If you’re in business, you need a brand. Some essential elements include a business name and tag line, a URL/website, a logo, any print collateral (business cards, postcards, brochures, etc.), professional photography (headshots, product shots), and marketing copy. Set up shop online with a website and secure your social media venues, so you have a platform to work from.
Being your own boss is not for everyone. It takes a certain type of person to sustain self-employment long term. Before diving in, you need to do a bit of soul searching to make sure this is truly right for you. Most successful entrepreneurs are risk-takers who are flexible, resourceful, diligent, thick skinned, and highly committed. Does that sound like you?
The right timing
Life twists and turns and there’s no telling where you might land at the end of any given day. Being an entrepreneur won’t change that — in fact, it’ll probably make things less predictable. That’s why making sure you’re in a good place to make a major life change is so important before you quit your day job.
First, make sure you don’t have any sizeable expenses on the horizon. Things like your kids heading off to college, a new baby on the way, a health concern, or any other potential major outflux of cash are all reasons to postpone venturing out on your own.
While you can’t escape bills, less is more when it comes to the financial obligations of an entrepreneur. Ideally, you’ll want to be free of significant amounts of debt, including credit card debt, and have enough savings to sustain you for at least a full year before you make the decision to transitioning over.

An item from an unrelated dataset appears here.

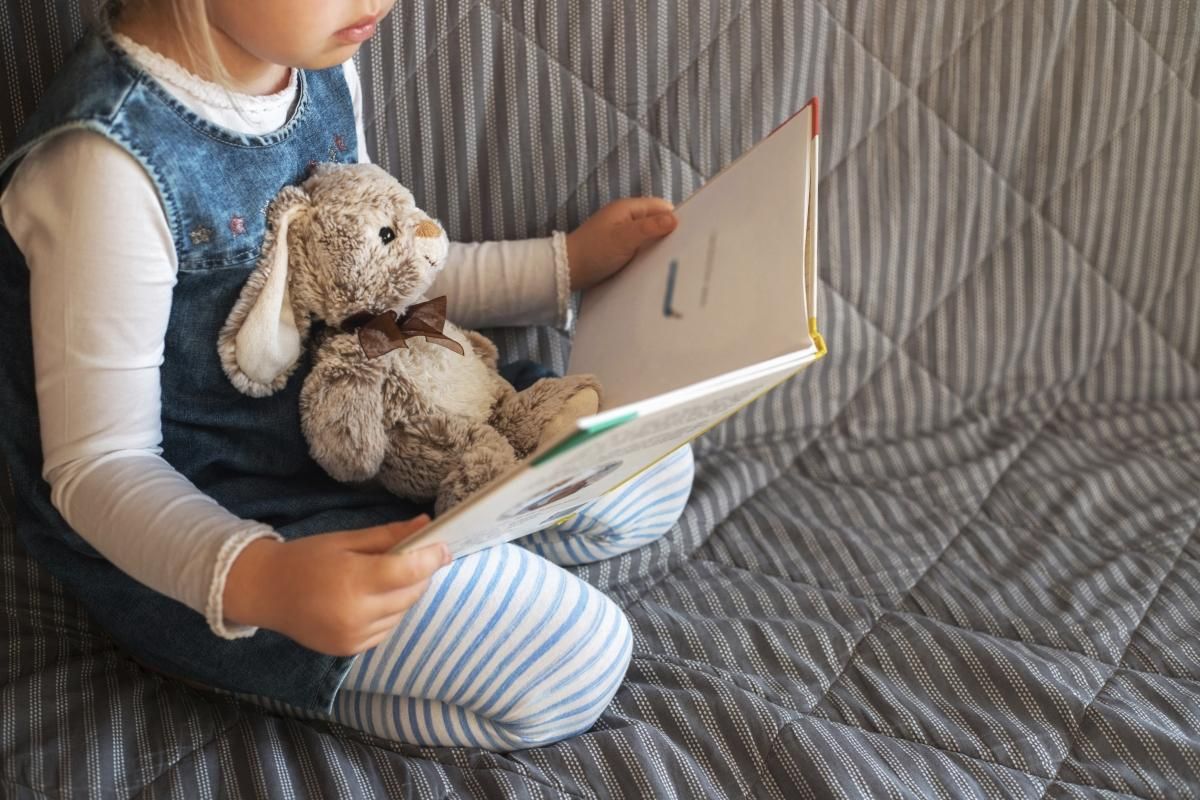 Niña leyendo un cuento Niña leyendo un cuento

Having your own personal cheering section of family and friends is always invaluable. As an entrepreneur, having a professional network to bounce ideas off of or to collaborate with is also key. The business ownership journey can be bumpy. Having a cache of people to help keep you on track will serve you well.
Before you decide to bid your employer adieu, get your legal ducks in a row. Make sure you don’t have a non-compete clause, or other legal barrier that might prevent you from working on your venture.
Then, set up a business structure for tax purposes, get an Employer Identification Number (EIN), get your systems in place, and you’re on your way.
Working for yourself offers delicious freedom, but with that freedom comes great responsibility. Even the best intentions can fall flat when not properly planned for and nurtured. Stay the course, stay true to yourself, and remember why you started and you’ll shift from hobby to jobby like a boss. Literally.